Key data scientist tasks and relevant DataEval functions¶
The following sections highlight some data scientist tasks along with the different DataEval tools that can be leveraged in order to accomplish the task.
Perform initial data profiling¶
Compute statistics on image properties like brightness, contrast, sharpness, and color distributions. For object detection, analyze the distributions of bounding box sizes, aspect ratios, and locations.
Use DataEval’s imagestats() to provide the necessary image statistics
on both the image and any bounding boxes.
Identify data quality issues¶
Systematically scan for problems like corrupt or unreadable image files, incorrect or missing labels, inconsistent annotation formats (e.g., COCO vs. YOLO), and misaligned bounding boxes.
Use DataEval’s labelstats() to provide the necessary label distributions
and counts as well as DataEval’s Dataset class to identify any loading or annotation
errors. DataEval also includes a Outliers class and a Duplicates
class to identify anomaly and redundant images.
Discover underlying data structures and patterns¶
Use visualization techniques to review random samples of images. Apply clustering on image embeddings (e.g., from a pre-trained model) to discover natural groupings of scenes or objects that may not be captured by the labels.
Use DataEval’s cluster() to group the images.
Perform statistical tests on image properties¶
Apply formal statistical tests to validate hypotheses about differences in image characteristics between data subsets (e.g., comparing the average bounding box in ‘day’ vs. ‘night’ images).
Use DataEval’s Select class to create different subsets of the dataset
that can then be compared using the results of DataEval’s imagestats()
function.
Quantify bias and representativeness¶
Use quantitative metrics to measure image metadata like class balance, background diversity, lighting conditions, and camera angles for potential biases, and dataset coverage of the operational domain.
DataEval has a set of bias metrics – balance(), diversity(), and
parity() – to identify potential shortcuts based on the metadata.

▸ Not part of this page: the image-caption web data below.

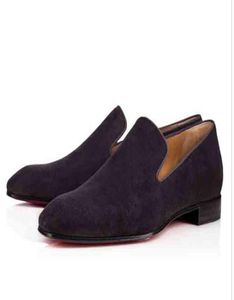 브랜드 레드 S 로퍼 럭셔리 파티 웨딩 신발 디자이너 검은 특허 가죽 스웨이드 드레스 신발 남성용 아파트 9172106
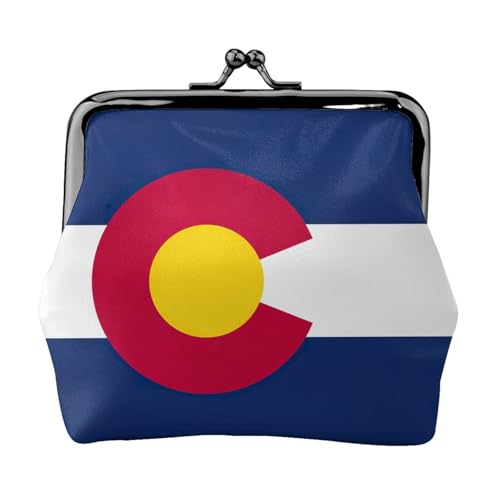 Colorado Münzbörse mit Flaggen-Druck, Mini-Geldbörse für Damen, kleine Münzbörse für Kreditkarte, Ausweis, Schlüssel, Schwarz, Einheitsgröße, Vintage von YQxwJL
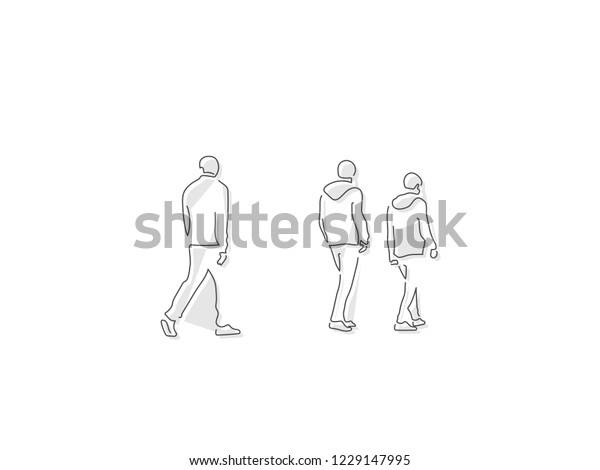 People Walking Isolated Line Drawing Vector Stock Vector (Royalty Free ...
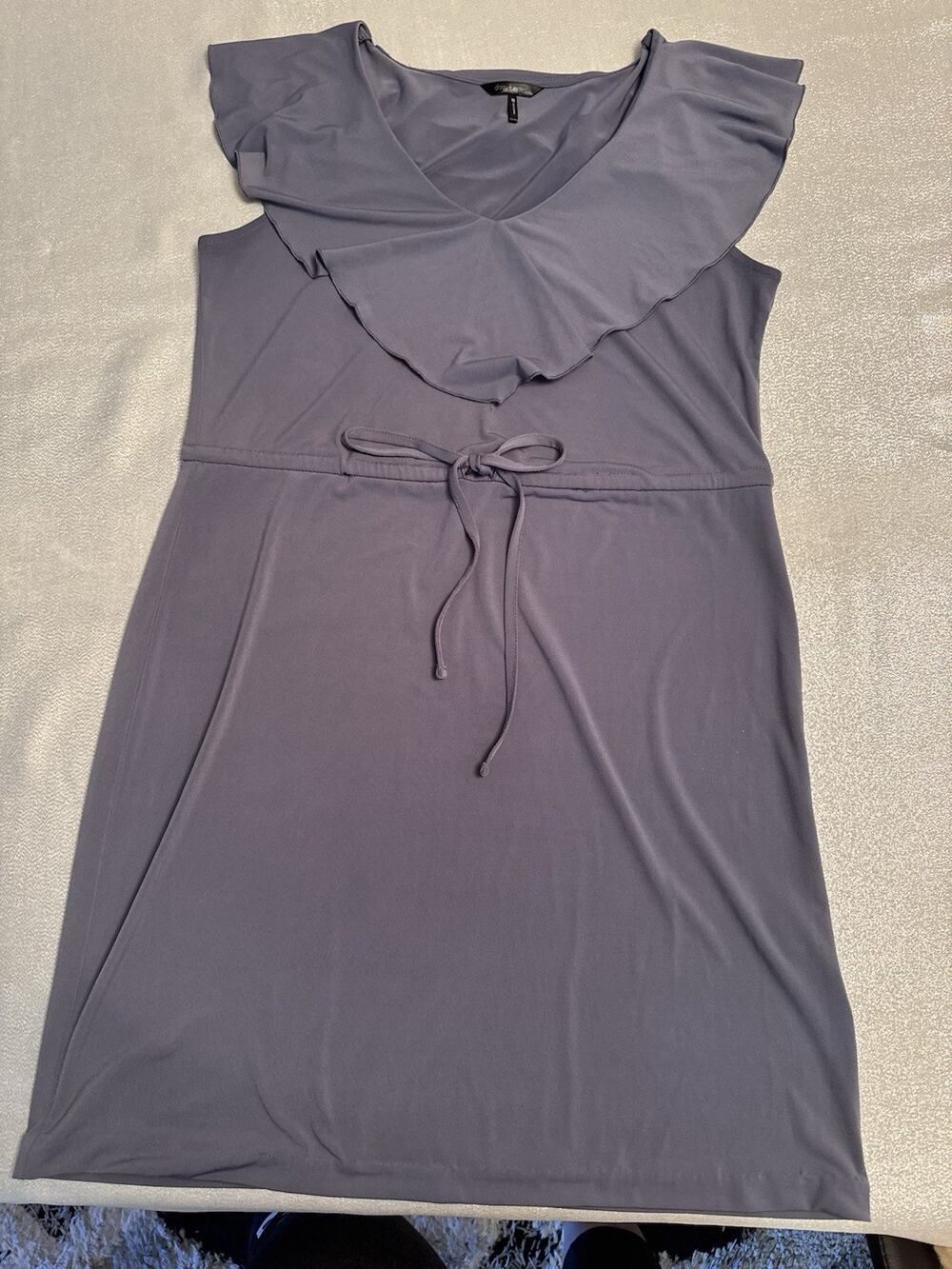 Daisy Fuentes Dress Blue Gray Purple Women's Small Tie Waist Ruffle Spring Summe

It
also contains completeness() and coverage() to determine the
representativeness of the dataset.
Determine problem feasibility¶
Analyze the dataset to determine if the cleaned dataset is an adequate dataset given the problem requirements and complexity.

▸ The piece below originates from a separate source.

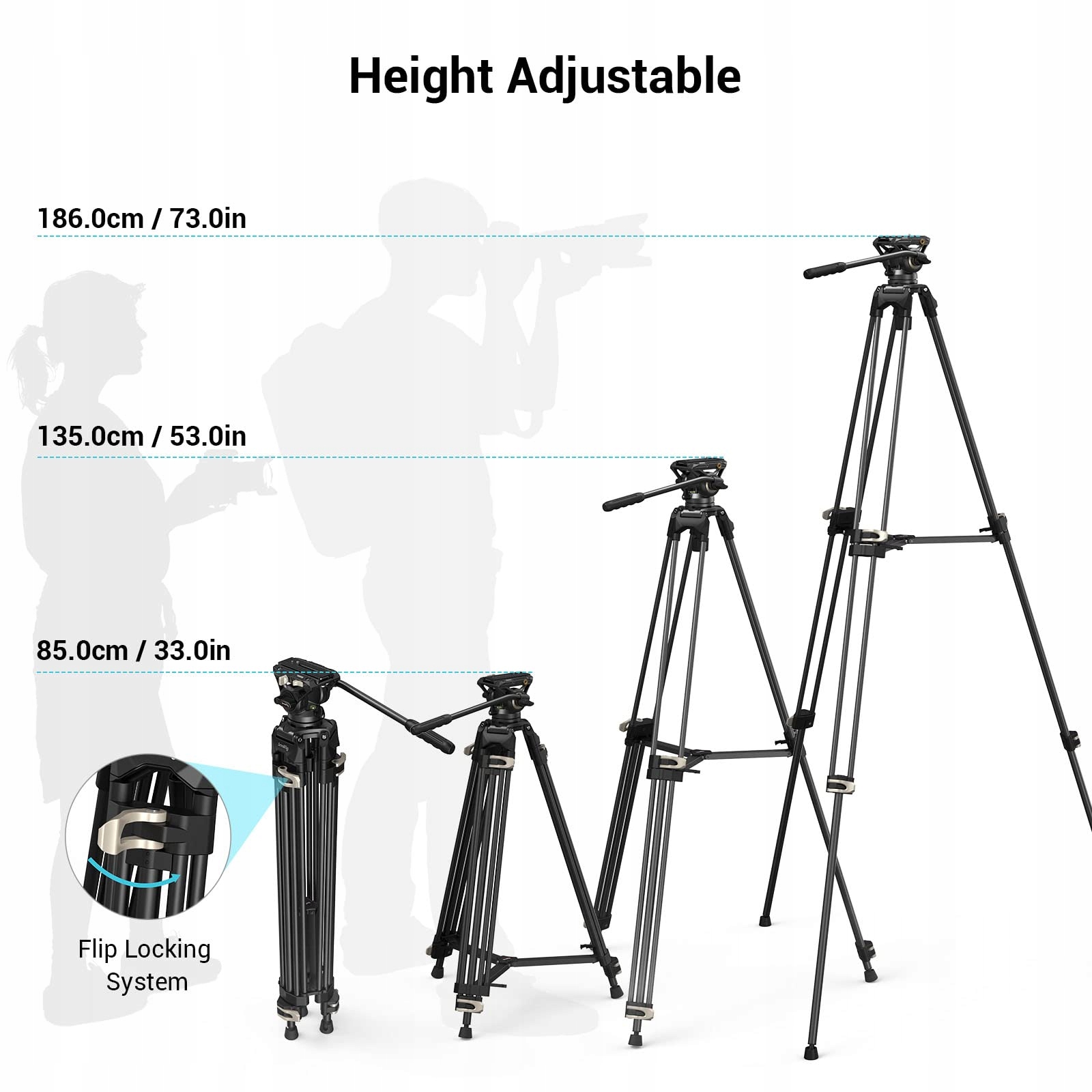 SMALLRIG Statyw Wideo 186 cm z Głowicą 360° i Płytką do DSLR 8 kg — miniatura 6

DataEval’s ber() and uap() functions calculate the upper performance
bound given the specific dataset. It allows for comparison of different datasets
to determine the best dataset for the problem.
Create dataset splits¶
Analyze the dataset to create a training, validation and testing subset. Ensure that each split adequately represents the target operational environment and that there are no correlations between the splits.

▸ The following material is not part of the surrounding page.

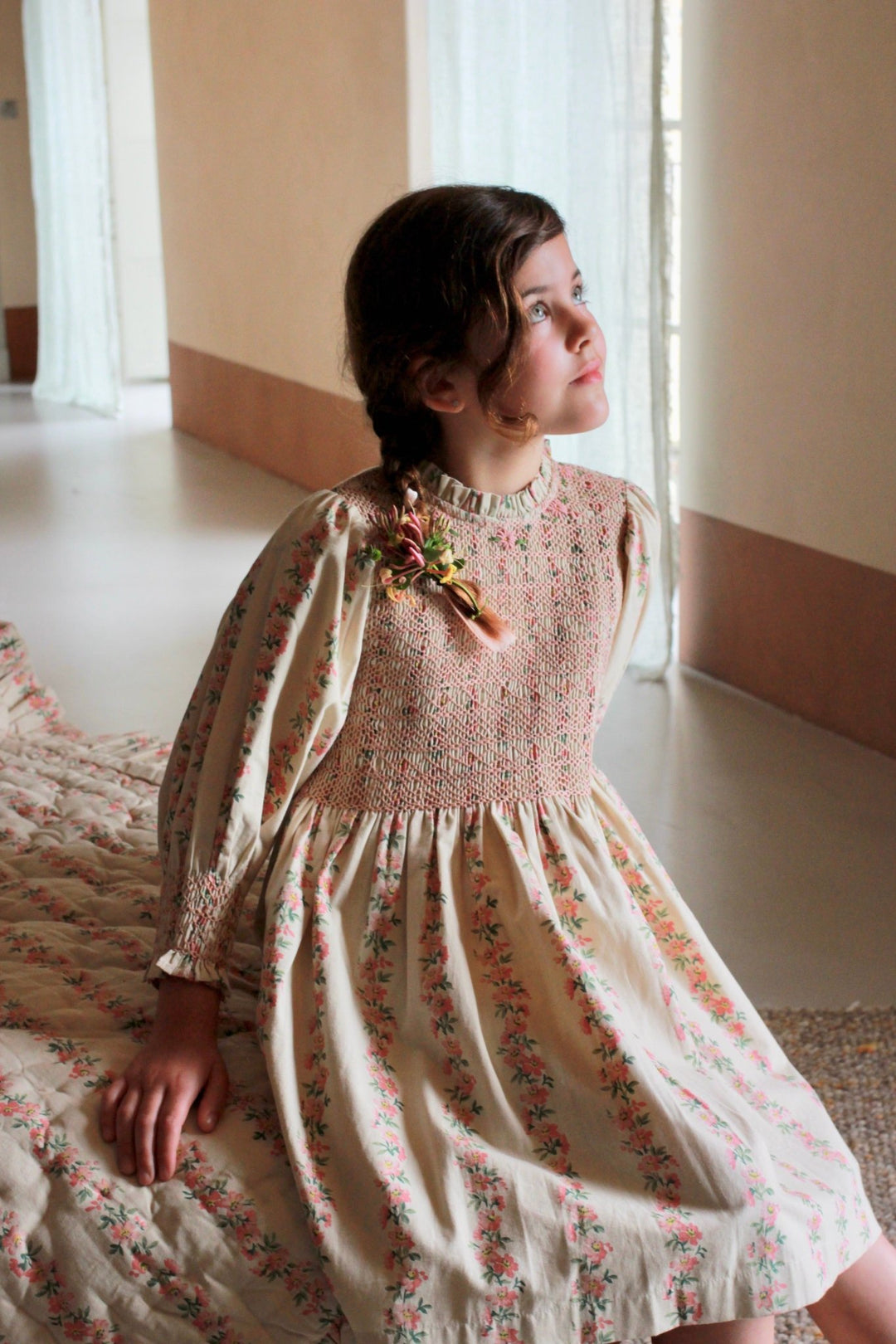 Handsmock Dress in Farandole Flowers by Bonjour - Petite Belle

Datasets can be split using DataEval’s split_dataset(), which has options that
enable the user to split the data based on metadata. DataEval’s bias functions,
balance() and diversity() can help identify when there may be spurious
correlations between the splits.
Build and evaluate models¶
Train standard models to establish a performance baseline against and then train experimental and complex models to systematically evaluate model architectures.
While DataEval does not assist in the building and training of ML models, it
does contain Sufficiency which allows the user to compare model performance
of multiple models, including current model performance and predicted performance
at different amounts of data, along with the predicted model saturation point.
Analyze and interpret model errors¶
Go beyond top-line metrics to perform detailed error analysis. Visualize the false positives and false negatives to understand why the model is failing (e.g., it confuses similar objects, fails on small objects, or struggles in low light).
By combining multiple DataEval functions – Select class, imagestats(),
labelstats(), cluster(), balance(), and diversity()
– false positives and false negatives can be further analyzed.
Monitor model performance¶
Implement monitoring to track operational metrics (latency, throughput) and to detect data drift. Analyze why a model’s performance is decaying in production by comparing the distribution of image statistics (or embeddings) between the new data and the training data, then propose a retraining or calibration strategy.
DataEval has a set of drift
and out-of-distribution (OOD) detection functions, along with
divergence() and label_parity(), to identify differences between operational
and training distributions of both images and labels.